• **REQUIRED WORK**: Can you quote exactly the stretch of lines from the one with "No Shame Belt-D’heygere-APOC STORE" through the final line of the material, both ends included?

··· MATERIALS PROVIDED

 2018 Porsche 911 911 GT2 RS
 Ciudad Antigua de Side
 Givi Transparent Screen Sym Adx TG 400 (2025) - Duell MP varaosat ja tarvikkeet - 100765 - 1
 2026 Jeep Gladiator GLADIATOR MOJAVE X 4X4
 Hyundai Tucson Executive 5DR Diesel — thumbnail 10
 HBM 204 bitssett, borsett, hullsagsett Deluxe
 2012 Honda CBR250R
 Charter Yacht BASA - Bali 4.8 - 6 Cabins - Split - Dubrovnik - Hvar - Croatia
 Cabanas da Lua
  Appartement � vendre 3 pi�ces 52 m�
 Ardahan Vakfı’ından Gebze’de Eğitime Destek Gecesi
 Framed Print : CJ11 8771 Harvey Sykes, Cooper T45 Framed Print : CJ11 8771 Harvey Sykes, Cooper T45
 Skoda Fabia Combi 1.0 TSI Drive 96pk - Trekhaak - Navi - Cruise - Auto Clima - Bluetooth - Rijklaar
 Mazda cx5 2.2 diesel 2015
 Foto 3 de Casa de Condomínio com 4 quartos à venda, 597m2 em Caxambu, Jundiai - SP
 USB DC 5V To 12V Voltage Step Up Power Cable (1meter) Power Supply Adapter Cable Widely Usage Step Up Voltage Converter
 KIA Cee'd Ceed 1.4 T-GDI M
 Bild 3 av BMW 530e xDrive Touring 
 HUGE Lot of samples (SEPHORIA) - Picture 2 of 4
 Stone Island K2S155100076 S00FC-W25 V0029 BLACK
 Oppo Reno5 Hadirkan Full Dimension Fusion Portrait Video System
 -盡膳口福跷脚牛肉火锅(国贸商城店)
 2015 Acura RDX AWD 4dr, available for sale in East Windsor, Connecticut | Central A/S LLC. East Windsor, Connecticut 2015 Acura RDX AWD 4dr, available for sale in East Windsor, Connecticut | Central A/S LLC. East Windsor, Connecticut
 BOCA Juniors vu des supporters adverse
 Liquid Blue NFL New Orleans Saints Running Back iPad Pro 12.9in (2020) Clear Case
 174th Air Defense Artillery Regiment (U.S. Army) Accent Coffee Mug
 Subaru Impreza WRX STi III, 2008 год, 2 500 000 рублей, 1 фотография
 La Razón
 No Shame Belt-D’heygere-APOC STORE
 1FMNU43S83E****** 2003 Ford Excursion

······

• **REPLY TO THE EXERCISE**:
 No Shame Belt-D’heygere-APOC STORE
 1FMNU43S83E****** 2003 Ford Excursion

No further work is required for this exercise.